Even as Baylor built its lead, Barnes didn’t call a timeout “because I think I would have killed them if I would have. And I didn’t want to do that, and I just said, ‘Hey, let them figure it out themselves.'”
That didn’t happen, at least in the first half. The Bears were shooting 67 percent from the field at one point before finishing the half at 53.3 percent. Baylor went 7-of-14 from 3-point range in the half.
Conversely, Durant, the Big 12 player of the year, struggled, missing his first 12 shots before scoring his first basket on a putback in the final minute of the half.
Baylor led 48-28 with 17 minutes left, but the Bears cooled off considerably, shooting 24.1 percent from the field after halftime and going only 1-for-7 on 3-point attempts. Meanwhile, Texas improved from 22.9 percent in the first half to 53.3 percent, and went to a full-court press in the final 12 minutes that gave Baylor fits.
“It wasn’t necessarily our offense that changed or our defense that changed, it was just that Texas made a run,” Baylor junior guard Aaron Bruce said. “Momentum changed more than anything, them being the aggressor both on the offensive and defensive end. We struggled with dealing with that.”
Durant also began hitting shots, going 7-for-11 after halftime to finish 8-of-24 from the field.
In the first half, Durant said, “I wasn’t playing like the player I am. I was settling for jumpshots and I wasn’t helping my teammates on defense. In the second half … I was just being more aggressive, going toward the basket. I think I went to the line 12 times today, so that was a plus. Just going at their big men and their guards, and we did a good job.”

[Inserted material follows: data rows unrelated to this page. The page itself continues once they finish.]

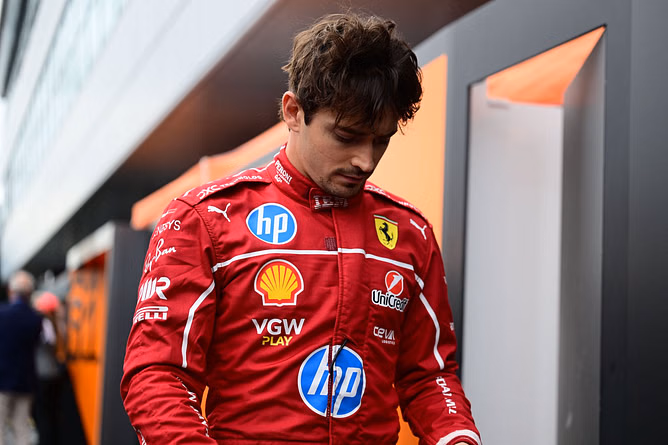 Ferrari boss highlights dual nature of Charles Leclerc’s “horrible” comments after British GP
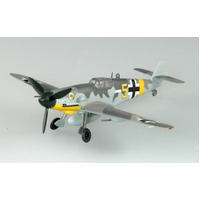 Easy Model 1/72 Bf109G-2 Messerschmitt Vi/Jg51 1942 Assembled Model [37255]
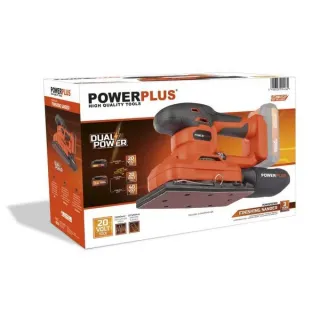 Акумулаторна шлайфмашина Power Plus POWDP50300/ 20V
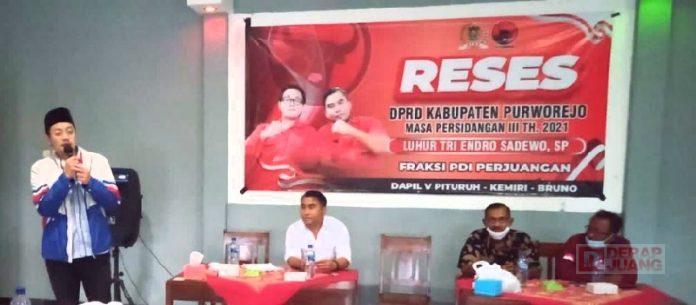 Gelar Reses, Endro Sadewo Jaring Aspirasi Masyarakat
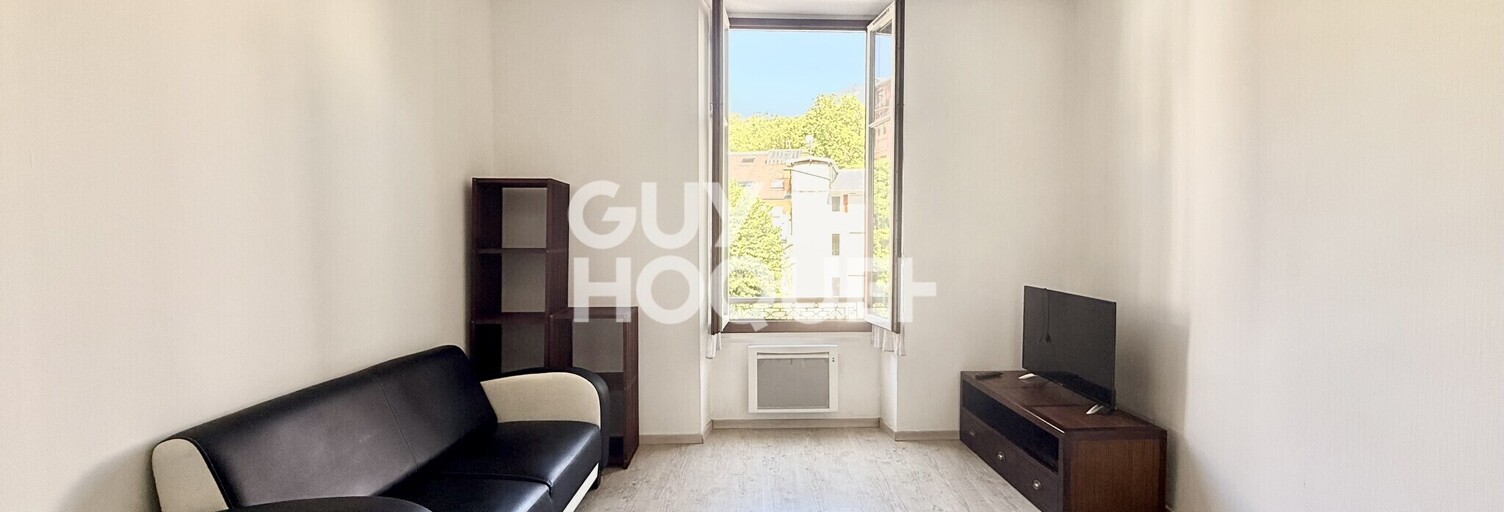Appartement 2 Pièces 44 m² à louer à Aix-les-Bains (73100)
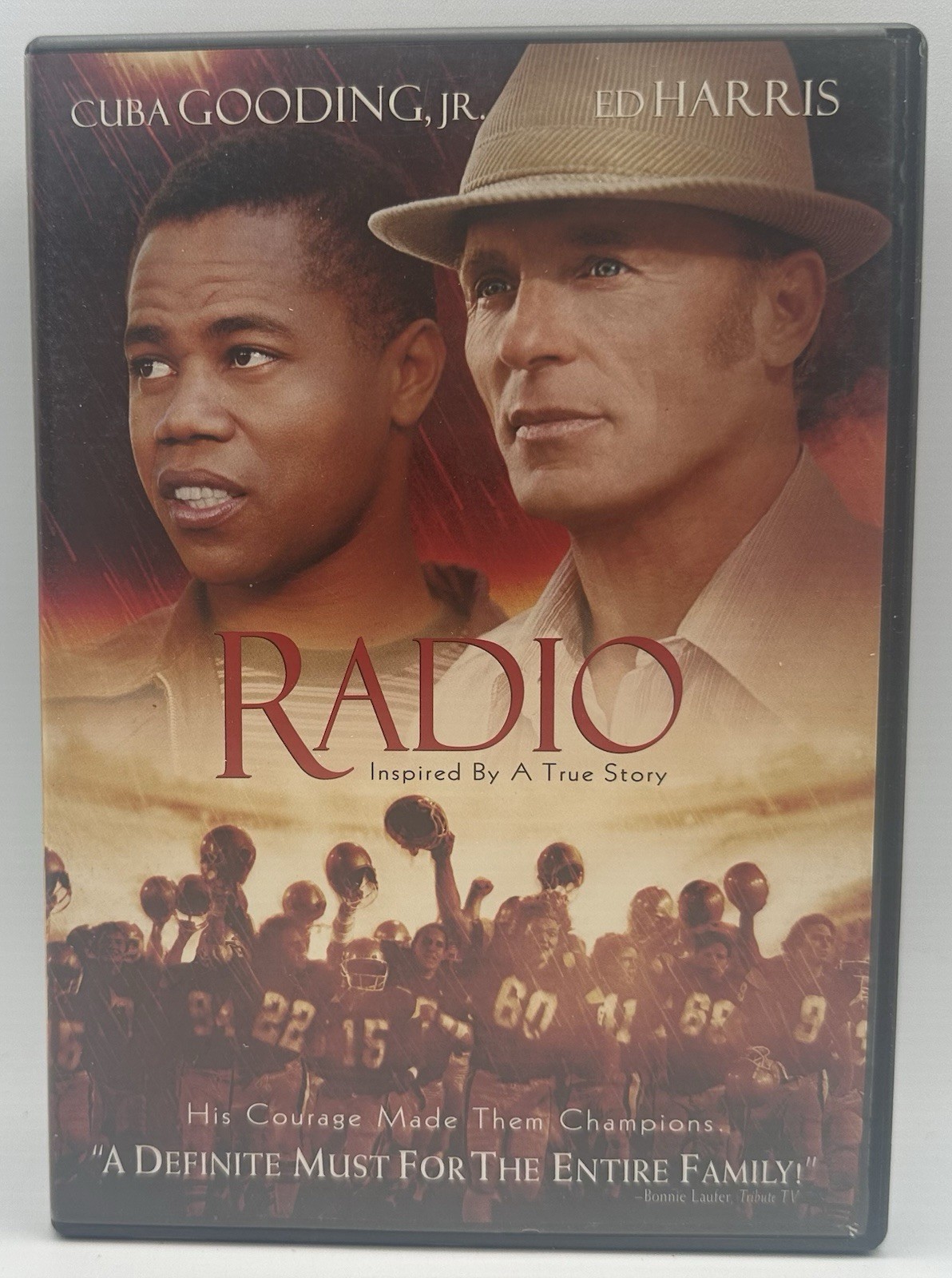 Radio DVD Widescreen Cuba Gooding Jr Ed Harris Debra Winger 2004
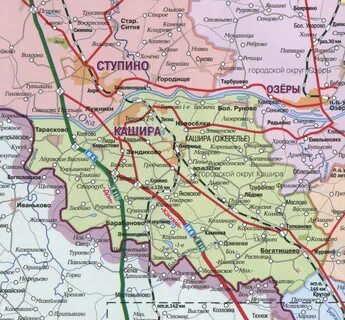 Московская обл каширский р н
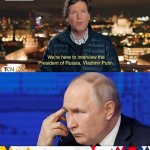 Tucker Carlson’s Putin Interview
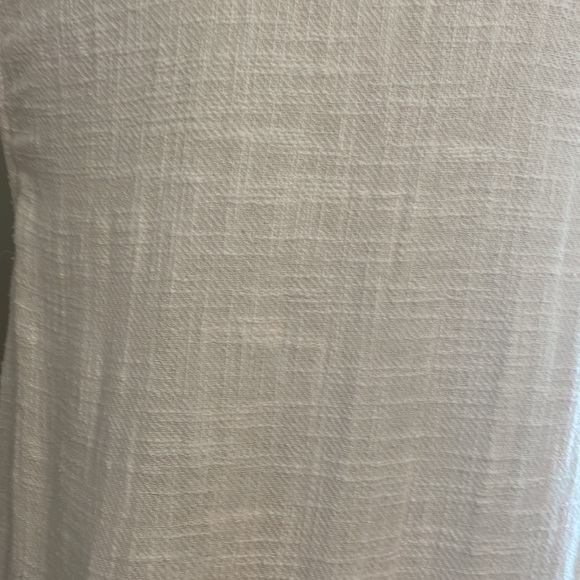 Free People White Button-Down Midi Dress - Picture 5 of 7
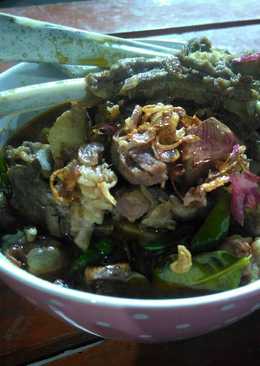 Gulai kambing indofood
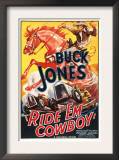 Ride 'Em Cowboy, Buck Jones, 1936 Prints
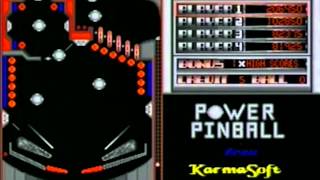 POWER PINBALL (AMIGA)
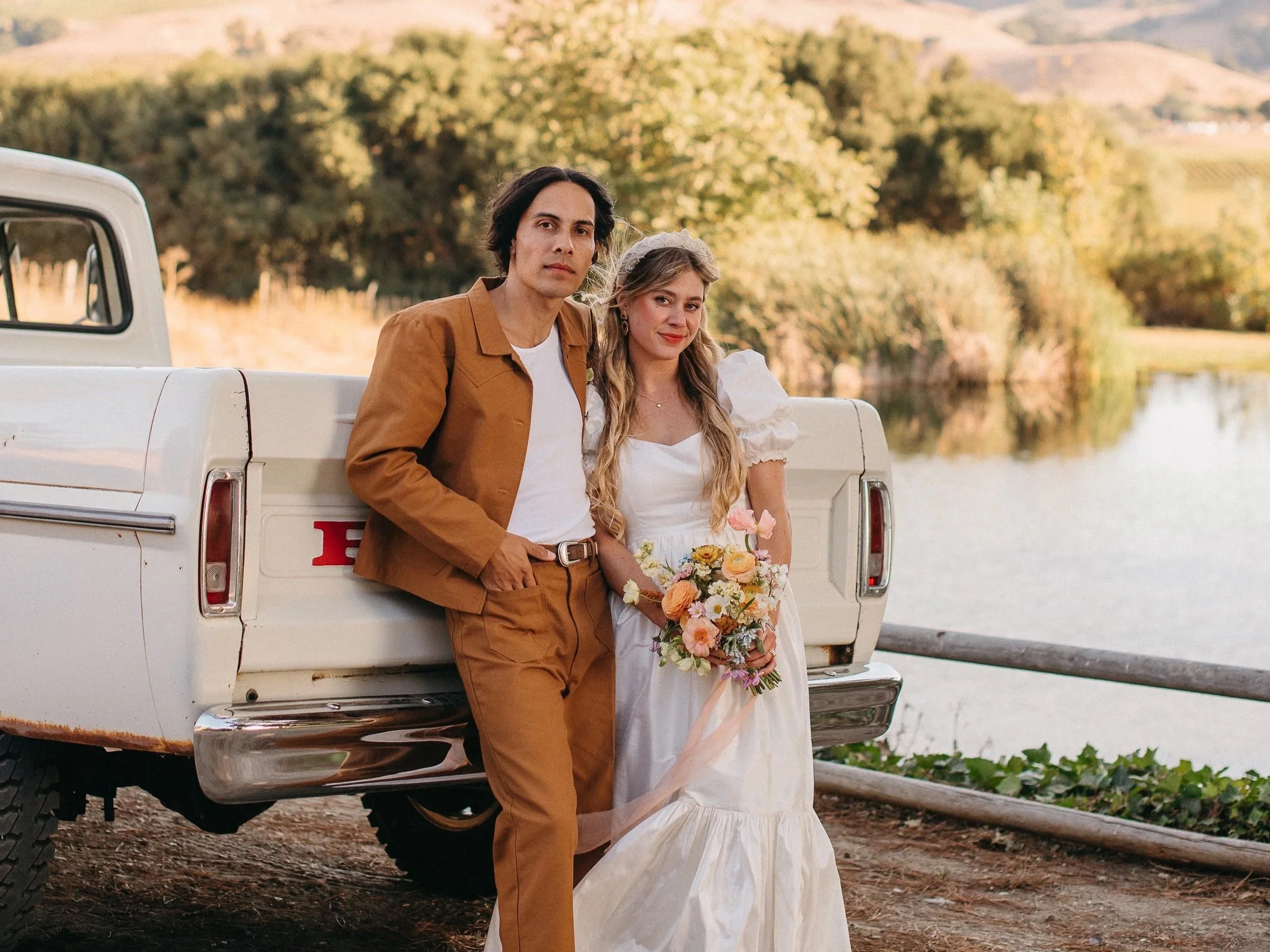 Bex & Devin in September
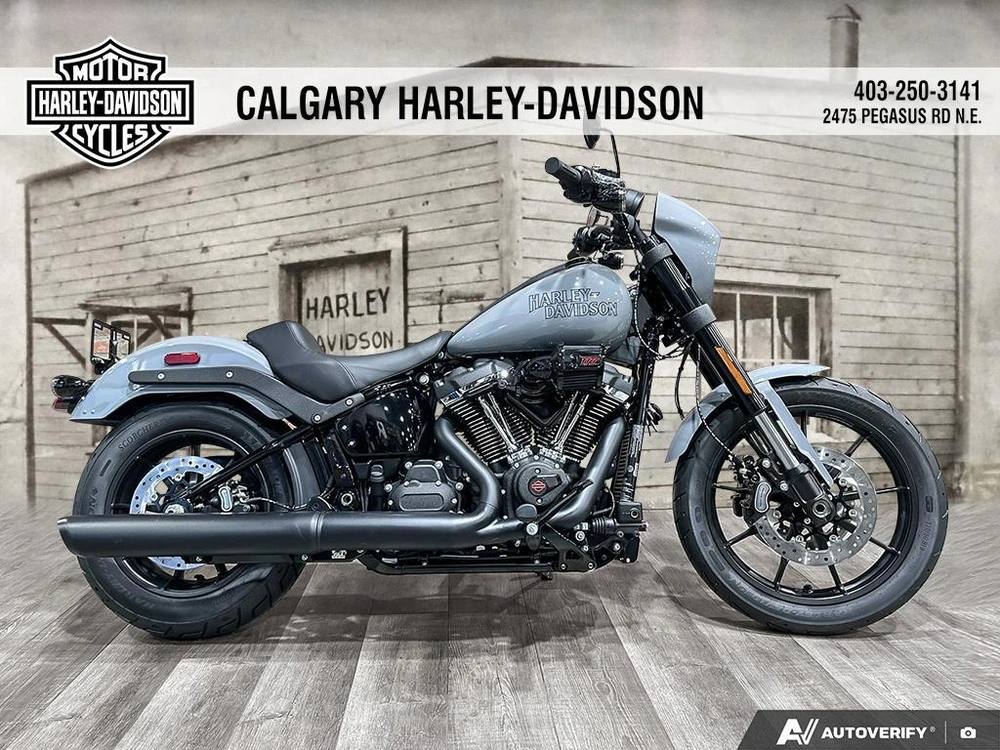 2026 Harley-davidson Low Rider S alt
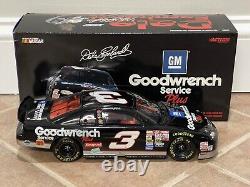 1999 Dale Earnhardt Goodwrench Service Plus Monte Carlo NASCAR Action 1/18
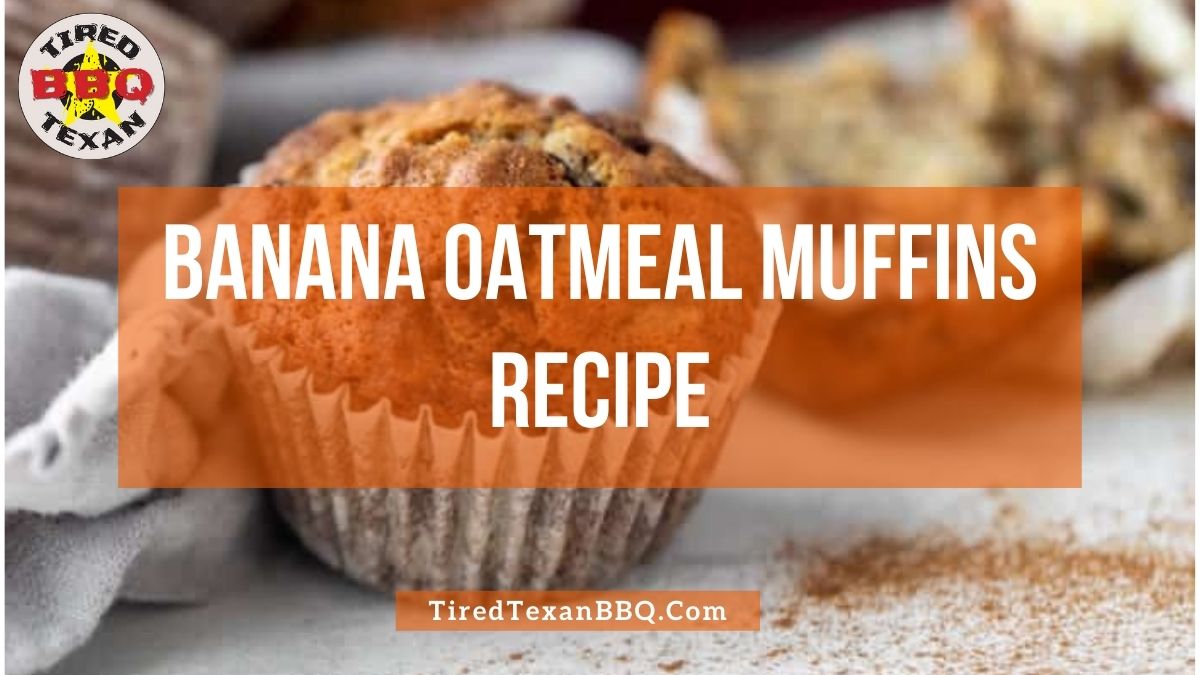 Banana Oatmeal Muffins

Winder, who hadn’t scored in the Longhorns’ last three games and entered the tournament averaging 1.6 points per game, had a steal and layup that tied the game at 65-65 with 3:09 left.
Mamadou Diene _ who had career highs in points (14) and rebounds (12) _ gave Baylor its final lead by making 1-of-2 free throws with 2:13 left. Winder answered with a putback at 1:56 to put the Longhorns ahead 67-66.
“Craig won the game for us by far,” Durant said.
Texas’ lead was 70-66 before Curtis Jerrells _ who led Baylor with 19 points _ hit three free throws to bring Baylor within one point with 45.9 seconds left.
Augustin’s basket with 18.5 seconds left extended the Longhorns’ lead to 72-69, and Bruce missed a 3-pointer at the other end. Durant rebounded and Augustin hit two free throws with 8.4 seconds left.
A.J. Abrams added 16 points for Texas, while Damion James had eight points and 11 rebounds.